Named entity disambiguation (ULB, Resic Department)

Let’s take the sentence, “Dallas, it’s 9 a.m.: I’m walking down the street where it happens, 55 years ago…” Could you guess where the action takes place ? Of course, you may say: Dallas, in Texas, and the “it happens” certainly refers to the assassination of President Kennedy ! If it seems crystal clear to us, it’s only because we, humans, are very good at solving the ambiguities of natural language.

For a machine, however, “Dallas” could very well be a person’s name – and this scene a dialogue. Even specifying to the computer that Dallas is a place name [1], this question would remain : what Dallas are we talking about ? According to Wikipedia, at least twenty localities around the world share this name. Without sufficient clues (we mean : clues understandable by a machine), the computer will probably choose the most popular candidate. For example, the one with the longest Wikipedia page, or the most viewed.

This process of trying to link automatically words in a document (eg place names) to an external database (in this case, Wikipedia) is called in the scientific literature “Entity Linking”, “Named Entity Disambiguation”, “Reconciliation”, “Entity resolution”, and so on. Although much progress has been made since the seminal works [2], the task is far from being solved. Its difficulty varies according to the quality and the length of the text. A tweet or a SMS, for example, can be ambiguous even for a human. The same goes for short photo captions, as in the case of the Cegesoma database. The temporal context is also important. When a picture of the 1940s says that the scene takes place in “Hamme, Belgium”, we must not forget that, at the time, at least three belgian municipalities had this name, in three different provinces. Finally, it often happens that the named entities recognition extracts in the same text several place names. How to guess which one is the location where the picture was taken ?

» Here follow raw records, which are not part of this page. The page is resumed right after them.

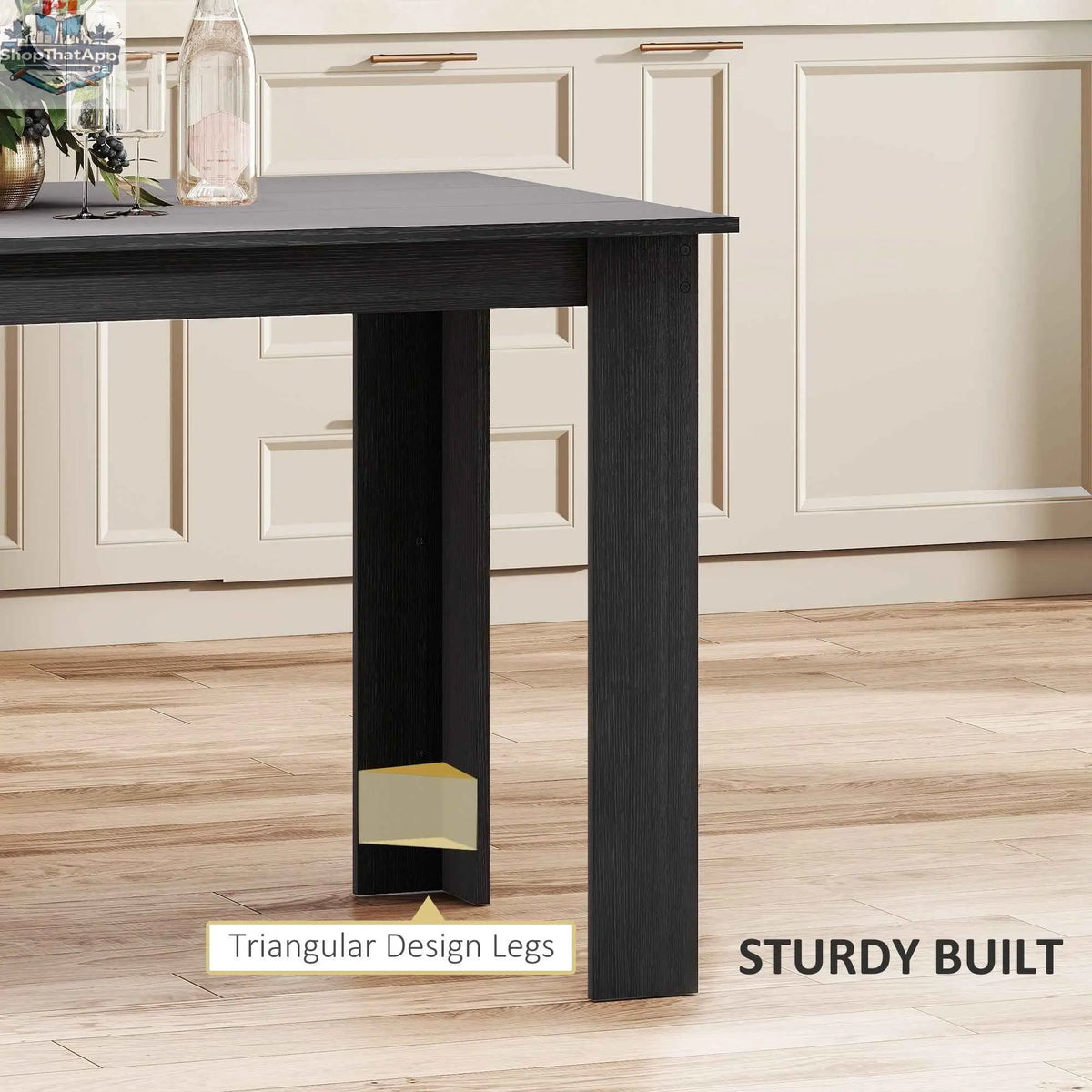 Black 47-inch dining table by SLOTH Nation, seats 4-6 people, modern home furnishings for kitchen and dining room.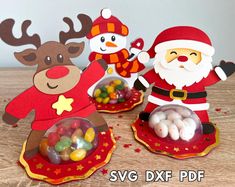 three paper santa clauss with candy in their hands and one reindeer holding a bag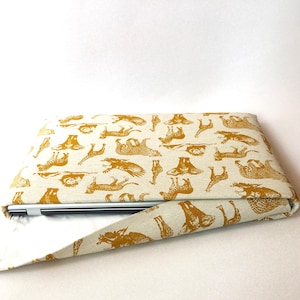 Könnte beinhalten: Eine beige Laptoptasche mit einem goldenen Tierdruckdesign. Die Tasche ist über einen Laptop gefaltet, so dass das Innenfutter sichtbar ist.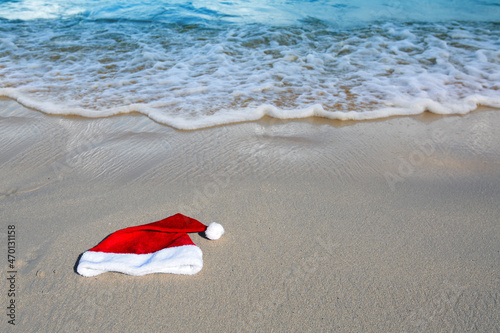 Christmas background with red Santa Hat on caribbean beach.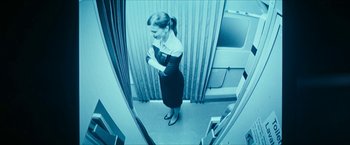 Movie still from “7500” (2019), directed by Patrick Vollrath – A woman standing in front of a mirror in a room; Medium shot, Overhead angle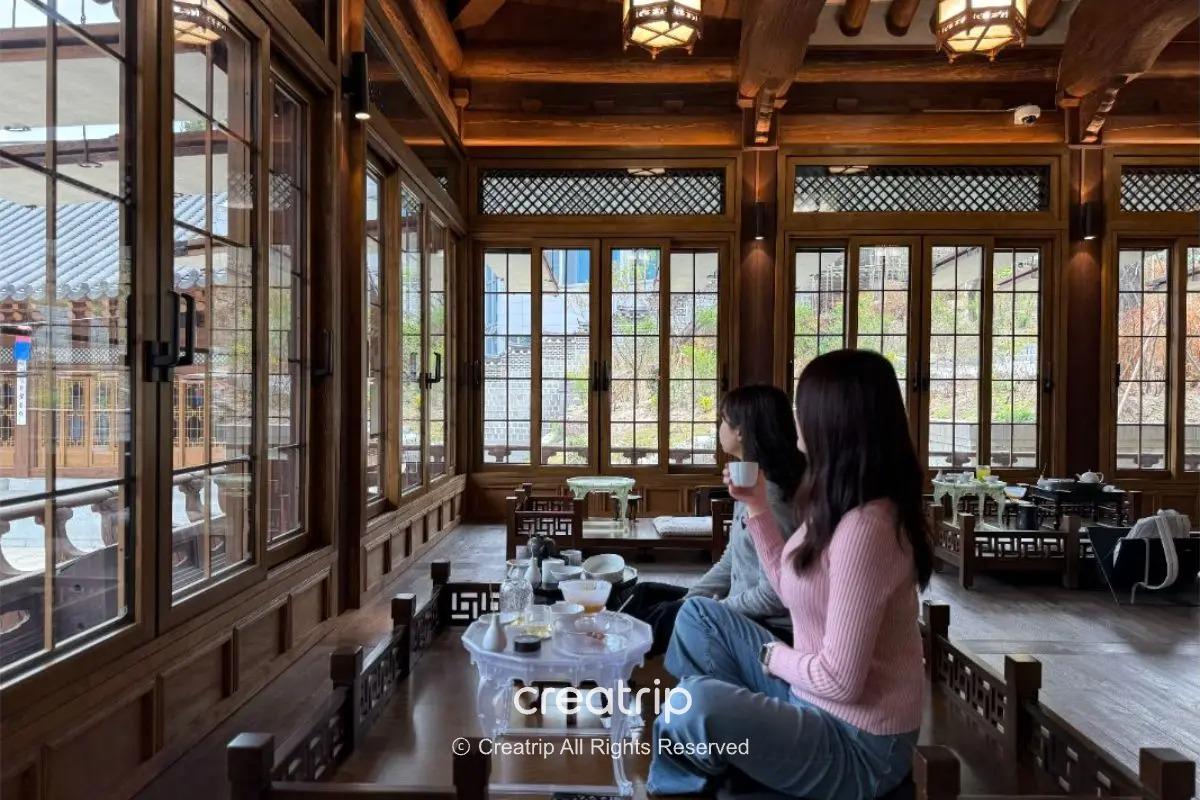 首爾忠武路韓屋茶室內景，兩位旅客靠窗坐在傳統低桌前慢品茶點，窗外庭園與木構架梁柱營造靜謐韓屋氛圍，適合體驗宮廷茶果。
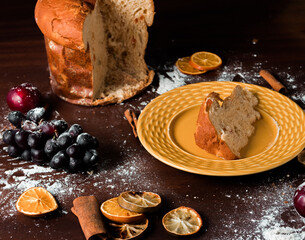 Wall Mural - Delicious christmas cake panettone slice and Christmas decorations.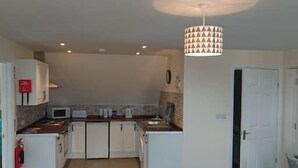 A compact living space with a kitchenette, a dining area, and a seating area with a sofa. - 1 Wood Yard Cottages. 2 Bedroom, Large lounge (Long Sutton)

The method we are working on uses clues from the photo database. In this case, the thesaurus keywords that Cegesoma’s archivists have applied to folders containing groups of photos related to the same theme. These keywords sometimes contain a place name, such as a city, a province, or a region. Using these terms, which we parsed out from the keywords, we will apply an algorithm [3] that will query a database called Wikidata – a kind of Wikipedia containing structured information, readable both by humans and machines. For each location previously extracted from the photo captions, the algorithm will select the possible candidates and choose the most probable based on the available clues. When multiple places are mentioned for the same picture, it will use the same clues to rule out the least likely. Finally, if the ambiguity is too strong, it will not try to guess further and will simply indicate that this text or this photo must be verified by a human.


[1]        Which is the role of the named entities recognition, see section ???
[2]                Rao, D., McNamee, P., & Dredze, M. (2013). Entity linking: Finding extracted entities in a knowledge base. In Multi-source, multilingual information extraction and summarization (pp. 93-115). Springer, Berlin, Heidelberg.
[3]        Written in Python. Still in development phase, but the code will be soon available online.